Recorded information
=======

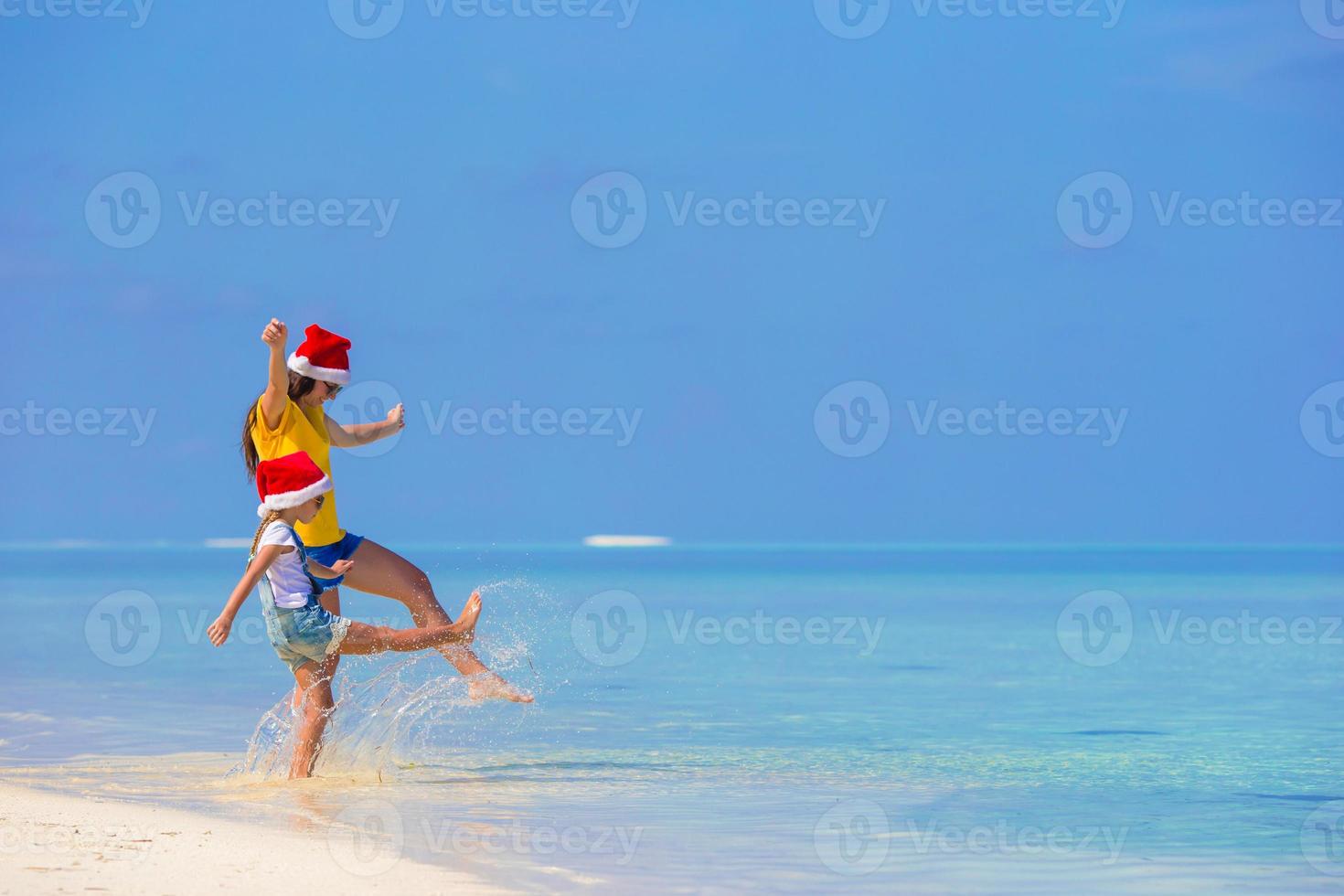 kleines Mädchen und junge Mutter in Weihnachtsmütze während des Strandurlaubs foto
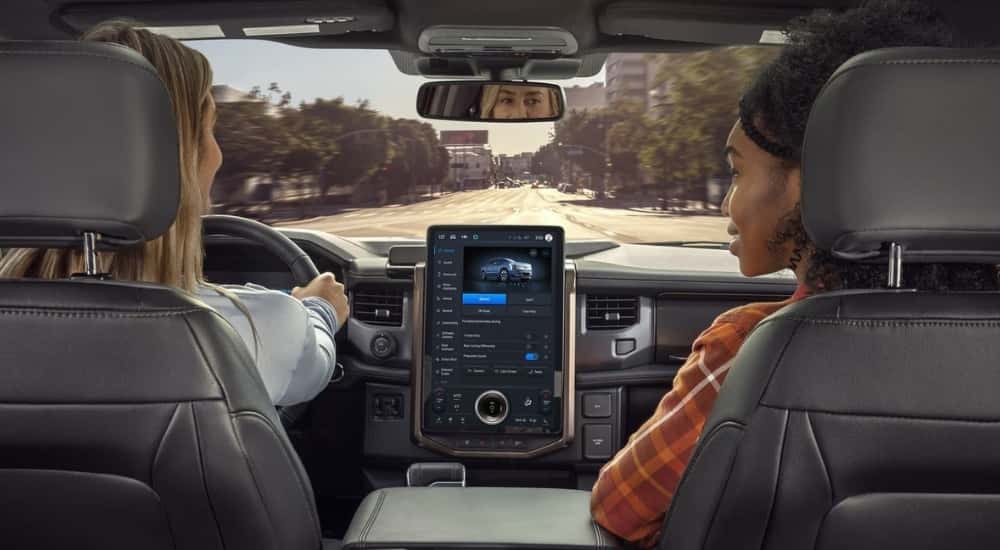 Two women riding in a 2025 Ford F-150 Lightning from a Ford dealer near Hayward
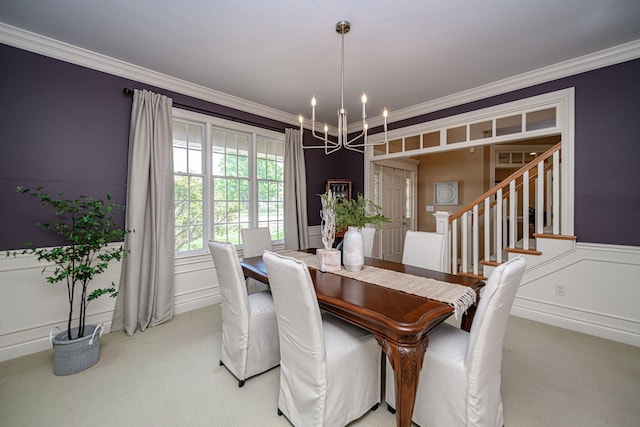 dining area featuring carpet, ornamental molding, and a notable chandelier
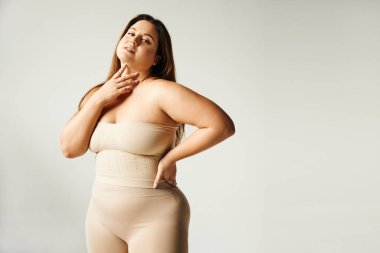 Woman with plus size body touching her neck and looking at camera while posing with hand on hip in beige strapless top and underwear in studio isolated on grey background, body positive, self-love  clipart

=======

The task
Output the listing exactly. Leave out any image.

Exercise response
 kleines Mädchen und junge Mutter in Weihnachtsmütze während des Strandurlaubs foto
 Two women riding in a 2025 Ford F-150 Lightning from a Ford dealer near Hayward
 dining area featuring carpet, ornamental molding, and a notable chandelier
 Woman with plus size body touching her neck and looking at camera while posing with hand on hip in beige strapless top and underwear in studio isolated on grey background, body positive, self-love  clipart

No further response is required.